● **Directions**
Your output should be the lines of the entries below, exactly, from the first one through the line that holds "A seal with".

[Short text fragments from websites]
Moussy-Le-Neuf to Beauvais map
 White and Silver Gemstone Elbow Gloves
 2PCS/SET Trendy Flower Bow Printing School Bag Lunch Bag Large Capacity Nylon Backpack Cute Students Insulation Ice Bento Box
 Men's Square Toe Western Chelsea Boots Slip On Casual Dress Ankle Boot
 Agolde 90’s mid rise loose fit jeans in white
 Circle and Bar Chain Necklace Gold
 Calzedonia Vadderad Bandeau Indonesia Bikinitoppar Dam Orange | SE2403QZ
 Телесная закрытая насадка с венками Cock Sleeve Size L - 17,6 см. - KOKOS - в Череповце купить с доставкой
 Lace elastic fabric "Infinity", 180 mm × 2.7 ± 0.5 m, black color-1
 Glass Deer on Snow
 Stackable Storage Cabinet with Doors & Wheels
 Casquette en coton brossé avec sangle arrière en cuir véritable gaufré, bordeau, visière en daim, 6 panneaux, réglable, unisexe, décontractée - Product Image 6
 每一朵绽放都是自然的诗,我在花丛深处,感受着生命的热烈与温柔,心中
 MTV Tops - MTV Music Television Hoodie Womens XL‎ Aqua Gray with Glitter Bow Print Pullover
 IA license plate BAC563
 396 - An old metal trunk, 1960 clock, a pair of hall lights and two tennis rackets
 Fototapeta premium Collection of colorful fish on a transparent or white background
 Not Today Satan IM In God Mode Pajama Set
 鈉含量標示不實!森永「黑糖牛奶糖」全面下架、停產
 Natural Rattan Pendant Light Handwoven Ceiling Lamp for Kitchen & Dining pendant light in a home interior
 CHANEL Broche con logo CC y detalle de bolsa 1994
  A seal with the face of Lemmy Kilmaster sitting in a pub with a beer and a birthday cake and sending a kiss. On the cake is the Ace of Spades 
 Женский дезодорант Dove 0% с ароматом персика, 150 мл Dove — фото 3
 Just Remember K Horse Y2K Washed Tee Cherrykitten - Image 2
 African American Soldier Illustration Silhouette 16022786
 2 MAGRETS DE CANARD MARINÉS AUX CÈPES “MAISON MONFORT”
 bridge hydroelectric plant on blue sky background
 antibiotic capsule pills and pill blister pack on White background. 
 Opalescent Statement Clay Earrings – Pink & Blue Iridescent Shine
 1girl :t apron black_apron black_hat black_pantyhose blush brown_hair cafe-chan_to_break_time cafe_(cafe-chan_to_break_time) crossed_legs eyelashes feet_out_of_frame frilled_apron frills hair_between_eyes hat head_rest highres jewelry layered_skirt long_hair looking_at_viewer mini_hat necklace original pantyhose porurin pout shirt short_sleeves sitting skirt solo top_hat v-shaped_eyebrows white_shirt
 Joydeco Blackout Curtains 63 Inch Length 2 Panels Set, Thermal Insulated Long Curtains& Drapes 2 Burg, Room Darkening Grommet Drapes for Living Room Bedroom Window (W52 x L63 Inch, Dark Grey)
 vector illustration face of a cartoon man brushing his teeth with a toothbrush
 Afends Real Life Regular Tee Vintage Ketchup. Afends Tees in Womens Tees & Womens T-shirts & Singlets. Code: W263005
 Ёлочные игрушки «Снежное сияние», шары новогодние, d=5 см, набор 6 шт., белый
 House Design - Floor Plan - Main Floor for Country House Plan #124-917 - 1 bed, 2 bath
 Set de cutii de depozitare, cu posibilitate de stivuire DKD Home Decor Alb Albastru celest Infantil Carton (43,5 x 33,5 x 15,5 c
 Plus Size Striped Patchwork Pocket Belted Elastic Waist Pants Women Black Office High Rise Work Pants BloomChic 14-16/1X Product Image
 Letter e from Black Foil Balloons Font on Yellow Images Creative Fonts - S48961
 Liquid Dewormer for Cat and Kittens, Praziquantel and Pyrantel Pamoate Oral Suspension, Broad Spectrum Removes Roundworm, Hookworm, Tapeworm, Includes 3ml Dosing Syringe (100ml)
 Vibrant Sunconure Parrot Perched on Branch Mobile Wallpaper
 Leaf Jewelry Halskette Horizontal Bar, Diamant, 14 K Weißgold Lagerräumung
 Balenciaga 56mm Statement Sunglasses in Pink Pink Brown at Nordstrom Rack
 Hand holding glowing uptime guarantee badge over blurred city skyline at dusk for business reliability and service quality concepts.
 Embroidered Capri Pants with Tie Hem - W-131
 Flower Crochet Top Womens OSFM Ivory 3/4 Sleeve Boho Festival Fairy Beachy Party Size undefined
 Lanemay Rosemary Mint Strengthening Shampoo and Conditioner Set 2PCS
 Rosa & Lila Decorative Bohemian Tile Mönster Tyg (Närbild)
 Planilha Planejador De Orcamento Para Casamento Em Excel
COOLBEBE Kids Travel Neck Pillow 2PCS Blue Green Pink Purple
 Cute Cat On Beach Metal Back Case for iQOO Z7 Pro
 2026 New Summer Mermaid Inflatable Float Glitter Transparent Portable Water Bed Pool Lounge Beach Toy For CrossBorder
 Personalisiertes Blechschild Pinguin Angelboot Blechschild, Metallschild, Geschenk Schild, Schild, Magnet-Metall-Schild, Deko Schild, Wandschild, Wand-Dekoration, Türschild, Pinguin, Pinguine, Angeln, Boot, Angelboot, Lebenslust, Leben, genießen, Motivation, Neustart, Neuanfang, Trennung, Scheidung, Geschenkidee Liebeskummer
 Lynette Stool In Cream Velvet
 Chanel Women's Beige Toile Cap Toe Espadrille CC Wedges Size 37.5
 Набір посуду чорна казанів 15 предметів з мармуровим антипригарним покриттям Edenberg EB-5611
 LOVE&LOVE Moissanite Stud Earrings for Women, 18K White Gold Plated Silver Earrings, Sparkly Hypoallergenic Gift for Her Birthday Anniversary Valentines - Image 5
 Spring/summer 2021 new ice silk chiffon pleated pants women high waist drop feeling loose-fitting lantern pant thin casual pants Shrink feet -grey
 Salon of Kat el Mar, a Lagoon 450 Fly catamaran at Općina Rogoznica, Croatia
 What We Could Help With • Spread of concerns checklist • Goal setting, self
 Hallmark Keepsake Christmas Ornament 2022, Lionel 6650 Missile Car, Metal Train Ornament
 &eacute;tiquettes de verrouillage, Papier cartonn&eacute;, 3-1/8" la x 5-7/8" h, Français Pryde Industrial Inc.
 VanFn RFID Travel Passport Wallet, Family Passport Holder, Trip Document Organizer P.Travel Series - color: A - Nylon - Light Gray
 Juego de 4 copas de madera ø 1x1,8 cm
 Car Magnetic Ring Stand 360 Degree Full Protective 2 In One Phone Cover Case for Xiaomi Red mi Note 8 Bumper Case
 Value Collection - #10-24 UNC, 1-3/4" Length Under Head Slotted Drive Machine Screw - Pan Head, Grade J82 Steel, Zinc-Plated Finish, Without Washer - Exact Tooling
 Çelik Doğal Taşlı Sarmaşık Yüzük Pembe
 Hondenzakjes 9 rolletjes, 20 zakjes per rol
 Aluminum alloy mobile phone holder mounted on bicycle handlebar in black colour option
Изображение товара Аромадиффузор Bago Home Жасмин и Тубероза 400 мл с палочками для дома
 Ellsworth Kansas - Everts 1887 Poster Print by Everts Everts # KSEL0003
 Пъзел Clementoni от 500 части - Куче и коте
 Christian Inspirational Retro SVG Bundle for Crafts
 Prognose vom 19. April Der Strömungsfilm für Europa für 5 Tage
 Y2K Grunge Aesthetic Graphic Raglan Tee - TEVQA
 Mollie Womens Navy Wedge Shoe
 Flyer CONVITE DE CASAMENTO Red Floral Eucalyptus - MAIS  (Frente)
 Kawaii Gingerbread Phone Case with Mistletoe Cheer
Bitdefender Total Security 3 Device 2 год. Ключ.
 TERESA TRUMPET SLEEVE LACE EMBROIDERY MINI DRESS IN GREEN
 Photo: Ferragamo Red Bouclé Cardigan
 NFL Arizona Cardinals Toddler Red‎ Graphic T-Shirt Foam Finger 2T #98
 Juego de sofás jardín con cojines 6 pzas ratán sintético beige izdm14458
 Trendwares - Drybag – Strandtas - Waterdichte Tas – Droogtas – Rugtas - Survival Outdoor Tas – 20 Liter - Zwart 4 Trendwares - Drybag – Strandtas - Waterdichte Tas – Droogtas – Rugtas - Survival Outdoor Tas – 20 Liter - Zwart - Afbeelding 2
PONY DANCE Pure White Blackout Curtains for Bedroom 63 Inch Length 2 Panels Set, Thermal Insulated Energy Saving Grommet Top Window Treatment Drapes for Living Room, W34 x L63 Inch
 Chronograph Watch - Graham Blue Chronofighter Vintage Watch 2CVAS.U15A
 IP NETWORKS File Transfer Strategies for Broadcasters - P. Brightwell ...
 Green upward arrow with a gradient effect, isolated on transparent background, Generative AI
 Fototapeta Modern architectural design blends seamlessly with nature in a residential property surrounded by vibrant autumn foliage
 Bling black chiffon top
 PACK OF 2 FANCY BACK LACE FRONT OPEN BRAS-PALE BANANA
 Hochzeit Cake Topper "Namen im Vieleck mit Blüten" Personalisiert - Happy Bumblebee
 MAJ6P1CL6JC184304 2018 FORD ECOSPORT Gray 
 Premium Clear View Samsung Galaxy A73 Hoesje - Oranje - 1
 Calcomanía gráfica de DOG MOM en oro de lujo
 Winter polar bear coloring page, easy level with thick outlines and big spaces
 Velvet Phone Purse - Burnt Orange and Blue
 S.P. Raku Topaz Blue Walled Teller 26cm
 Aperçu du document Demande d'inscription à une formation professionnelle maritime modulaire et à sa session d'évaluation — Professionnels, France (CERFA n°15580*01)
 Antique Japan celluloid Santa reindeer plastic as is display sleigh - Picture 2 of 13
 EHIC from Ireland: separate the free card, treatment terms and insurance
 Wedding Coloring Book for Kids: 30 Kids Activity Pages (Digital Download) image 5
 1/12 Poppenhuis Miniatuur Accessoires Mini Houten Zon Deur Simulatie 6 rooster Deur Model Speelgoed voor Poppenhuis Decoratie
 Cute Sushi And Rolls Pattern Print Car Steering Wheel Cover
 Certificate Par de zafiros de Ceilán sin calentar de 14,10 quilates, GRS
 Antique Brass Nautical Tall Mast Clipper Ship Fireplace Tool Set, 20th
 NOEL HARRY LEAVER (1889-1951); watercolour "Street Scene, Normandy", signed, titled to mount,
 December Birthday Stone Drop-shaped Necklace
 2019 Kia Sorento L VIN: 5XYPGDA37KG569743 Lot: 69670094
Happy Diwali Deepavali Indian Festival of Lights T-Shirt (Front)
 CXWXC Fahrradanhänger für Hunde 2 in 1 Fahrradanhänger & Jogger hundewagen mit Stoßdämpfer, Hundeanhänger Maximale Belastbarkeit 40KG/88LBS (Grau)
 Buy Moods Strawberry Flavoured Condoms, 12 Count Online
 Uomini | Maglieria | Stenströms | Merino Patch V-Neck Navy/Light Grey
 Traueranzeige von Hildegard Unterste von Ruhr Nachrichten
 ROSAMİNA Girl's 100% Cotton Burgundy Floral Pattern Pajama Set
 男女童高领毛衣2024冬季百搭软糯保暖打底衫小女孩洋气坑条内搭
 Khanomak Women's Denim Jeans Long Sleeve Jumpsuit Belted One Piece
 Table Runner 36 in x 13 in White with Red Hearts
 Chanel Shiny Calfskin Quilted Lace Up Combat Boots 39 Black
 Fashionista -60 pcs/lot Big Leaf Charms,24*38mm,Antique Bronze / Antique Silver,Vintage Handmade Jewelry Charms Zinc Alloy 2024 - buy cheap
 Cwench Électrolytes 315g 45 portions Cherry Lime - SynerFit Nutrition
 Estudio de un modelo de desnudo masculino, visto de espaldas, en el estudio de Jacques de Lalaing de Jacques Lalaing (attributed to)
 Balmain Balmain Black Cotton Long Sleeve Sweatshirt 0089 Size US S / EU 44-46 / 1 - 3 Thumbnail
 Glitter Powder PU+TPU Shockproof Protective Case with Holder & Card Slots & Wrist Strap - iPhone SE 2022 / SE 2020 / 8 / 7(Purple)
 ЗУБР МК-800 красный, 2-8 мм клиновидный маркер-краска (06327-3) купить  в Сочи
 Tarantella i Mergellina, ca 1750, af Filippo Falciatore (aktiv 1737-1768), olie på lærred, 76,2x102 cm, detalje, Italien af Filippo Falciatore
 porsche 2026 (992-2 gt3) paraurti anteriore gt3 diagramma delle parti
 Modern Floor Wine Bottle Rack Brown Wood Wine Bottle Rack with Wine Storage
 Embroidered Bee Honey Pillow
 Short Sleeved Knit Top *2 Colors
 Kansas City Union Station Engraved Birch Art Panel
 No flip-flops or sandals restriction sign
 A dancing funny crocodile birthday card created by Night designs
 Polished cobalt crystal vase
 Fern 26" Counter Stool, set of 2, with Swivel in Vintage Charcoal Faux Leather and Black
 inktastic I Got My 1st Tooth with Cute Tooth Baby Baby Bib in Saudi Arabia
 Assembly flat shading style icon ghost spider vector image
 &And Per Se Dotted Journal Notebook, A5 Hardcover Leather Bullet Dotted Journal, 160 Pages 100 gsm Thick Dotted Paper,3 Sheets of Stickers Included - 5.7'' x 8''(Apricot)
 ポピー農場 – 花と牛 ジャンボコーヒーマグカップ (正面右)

● **Result of this exercise**
Moussy-Le-Neuf to Beauvais map
 White and Silver Gemstone Elbow Gloves
 2PCS/SET Trendy Flower Bow Printing School Bag Lunch Bag Large Capacity Nylon Backpack Cute Students Insulation Ice Bento Box
 Men's Square Toe Western Chelsea Boots Slip On Casual Dress Ankle Boot
 Agolde 90’s mid rise loose fit jeans in white
 Circle and Bar Chain Necklace Gold
 Calzedonia Vadderad Bandeau Indonesia Bikinitoppar Dam Orange | SE2403QZ
 Телесная закрытая насадка с венками Cock Sleeve Size L - 17,6 см. - KOKOS - в Череповце купить с доставкой
 Lace elastic fabric "Infinity", 180 mm × 2.7 ± 0.5 m, black color-1
 Glass Deer on Snow
 Stackable Storage Cabinet with Doors & Wheels
 Casquette en coton brossé avec sangle arrière en cuir véritable gaufré, bordeau, visière en daim, 6 panneaux, réglable, unisexe, décontractée - Product Image 6
 每一朵绽放都是自然的诗,我在花丛深处,感受着生命的热烈与温柔,心中
 MTV Tops - MTV Music Television Hoodie Womens XL‎ Aqua Gray with Glitter Bow Print Pullover
 IA license plate BAC563
 396 - An old metal trunk, 1960 clock, a pair of hall lights and two tennis rackets
 Fototapeta premium Collection of colorful fish on a transparent or white background
 Not Today Satan IM In God Mode Pajama Set
 鈉含量標示不實!森永「黑糖牛奶糖」全面下架、停產
 Natural Rattan Pendant Light Handwoven Ceiling Lamp for Kitchen & Dining pendant light in a home interior
 CHANEL Broche con logo CC y detalle de bolsa 1994
  A seal with the face of Lemmy Kilmaster sitting in a pub with a beer and a birthday cake and sending a kiss. On the cake is the Ace of Spades 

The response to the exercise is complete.